MOD returns the modular equivalent of the remainder of one value divided by another.
MOD returns the smallest nonnegative value, R, such that (x - R)/y = n.
In this example, the value for n is an integer value. That is, R is the smallest nonnegative value that must be subtracted from x to make it divisible by y.
>>-MOD(x,y)----------------------------------------------------><
- x
- Real expression.
- y
- Real expression. If y = 0, the ZERODIVIDE condition is raised.
The result, R, is real with the common base and scale of the arguments.
If the result is floating-point, the precision is the greater of those
of x and y. If
the result is fixed-point, the precision is given by the following:
(min(n,p2-q2+max(q1,q2)),max(q1,q2))In this example, (p1,q1) and (p2,q2) are the precisions of x and y, respectively, and n is N for FIXED DECIMAL or M for FIXED BINARY.

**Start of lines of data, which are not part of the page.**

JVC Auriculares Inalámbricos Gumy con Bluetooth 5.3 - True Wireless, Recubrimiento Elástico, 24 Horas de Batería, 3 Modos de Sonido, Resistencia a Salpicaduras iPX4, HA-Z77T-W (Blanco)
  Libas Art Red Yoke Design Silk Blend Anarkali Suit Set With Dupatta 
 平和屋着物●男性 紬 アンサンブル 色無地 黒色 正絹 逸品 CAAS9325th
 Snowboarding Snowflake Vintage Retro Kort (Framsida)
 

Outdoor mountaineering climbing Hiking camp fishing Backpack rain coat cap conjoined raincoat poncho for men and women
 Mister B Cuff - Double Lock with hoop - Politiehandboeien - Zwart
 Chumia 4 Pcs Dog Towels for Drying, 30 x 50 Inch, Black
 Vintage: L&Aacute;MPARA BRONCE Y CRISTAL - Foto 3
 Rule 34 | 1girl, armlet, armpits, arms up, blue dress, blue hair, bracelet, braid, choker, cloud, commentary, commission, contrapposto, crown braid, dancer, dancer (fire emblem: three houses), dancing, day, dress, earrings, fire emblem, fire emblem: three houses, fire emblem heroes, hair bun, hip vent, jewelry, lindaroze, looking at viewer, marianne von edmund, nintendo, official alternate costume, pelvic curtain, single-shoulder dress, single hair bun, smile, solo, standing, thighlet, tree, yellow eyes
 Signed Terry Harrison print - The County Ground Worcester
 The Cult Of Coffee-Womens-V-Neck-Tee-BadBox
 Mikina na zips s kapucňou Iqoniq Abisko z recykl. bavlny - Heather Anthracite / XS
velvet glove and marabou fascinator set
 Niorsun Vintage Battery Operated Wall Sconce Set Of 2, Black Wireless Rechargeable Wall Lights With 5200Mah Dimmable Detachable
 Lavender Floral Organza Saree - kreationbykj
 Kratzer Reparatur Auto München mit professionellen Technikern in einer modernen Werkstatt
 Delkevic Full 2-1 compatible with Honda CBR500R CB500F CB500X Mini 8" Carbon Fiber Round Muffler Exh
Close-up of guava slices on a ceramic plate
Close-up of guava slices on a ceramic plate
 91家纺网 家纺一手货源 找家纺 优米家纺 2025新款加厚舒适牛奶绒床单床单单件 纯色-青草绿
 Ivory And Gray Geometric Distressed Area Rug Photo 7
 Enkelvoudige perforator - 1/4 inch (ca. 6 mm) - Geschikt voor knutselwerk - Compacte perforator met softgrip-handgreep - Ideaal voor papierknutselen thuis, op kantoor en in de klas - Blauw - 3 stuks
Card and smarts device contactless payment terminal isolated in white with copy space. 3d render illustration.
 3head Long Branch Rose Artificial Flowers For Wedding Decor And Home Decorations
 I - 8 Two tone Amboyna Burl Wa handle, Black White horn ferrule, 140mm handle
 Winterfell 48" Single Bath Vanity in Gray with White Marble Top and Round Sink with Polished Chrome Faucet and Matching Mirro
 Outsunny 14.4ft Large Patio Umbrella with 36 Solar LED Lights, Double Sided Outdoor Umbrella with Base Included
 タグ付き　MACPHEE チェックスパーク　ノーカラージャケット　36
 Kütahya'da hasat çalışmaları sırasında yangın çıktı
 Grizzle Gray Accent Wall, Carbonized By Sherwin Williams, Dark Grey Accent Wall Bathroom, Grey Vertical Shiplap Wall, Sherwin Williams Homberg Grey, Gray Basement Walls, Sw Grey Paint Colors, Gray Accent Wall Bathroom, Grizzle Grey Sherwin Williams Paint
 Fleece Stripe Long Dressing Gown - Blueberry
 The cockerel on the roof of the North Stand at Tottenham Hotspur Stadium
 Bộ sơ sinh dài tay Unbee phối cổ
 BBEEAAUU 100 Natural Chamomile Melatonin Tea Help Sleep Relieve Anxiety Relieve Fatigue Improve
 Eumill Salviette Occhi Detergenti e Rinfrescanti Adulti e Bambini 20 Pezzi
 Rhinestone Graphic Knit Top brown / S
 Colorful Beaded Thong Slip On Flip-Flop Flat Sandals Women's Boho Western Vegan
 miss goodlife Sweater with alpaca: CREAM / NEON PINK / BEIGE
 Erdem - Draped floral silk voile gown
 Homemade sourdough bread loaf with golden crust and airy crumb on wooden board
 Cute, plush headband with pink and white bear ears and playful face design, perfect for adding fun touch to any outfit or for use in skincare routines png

If x and y are fixed-point with different scaling factors, the argument with the smaller scaling factor is converted to the larger scaling factor before R is calculated. If the conversion fails, the result is unpredictable.
If the result has the attributes FIXED BIN and one or more of the
operands has the attributes UNSIGNED FIXED BIN, the result has the
SIGNED attribute unless both of the following conditions are true:
- All of the operands are UNSIGNED FIXED BIN.
- The RULES(ANS) compiler option is in effect.
- Raise the SIZE condition if SIZE is enabled.
- Produce a negative value if SIZE is not enabled.
Example
The following example contrasts the MOD and REM built-in functions.
rem( +10, +8 ) = 2
mod( +10, +8 ) = 2
rem( +10, -8 ) = 2
mod( +10, -8 ) = 2
rem( -10, +8 ) = -2
mod( -10, +8 ) = 6
rem( -10, -8 ) = -2
mod( -10, -8 ) = 6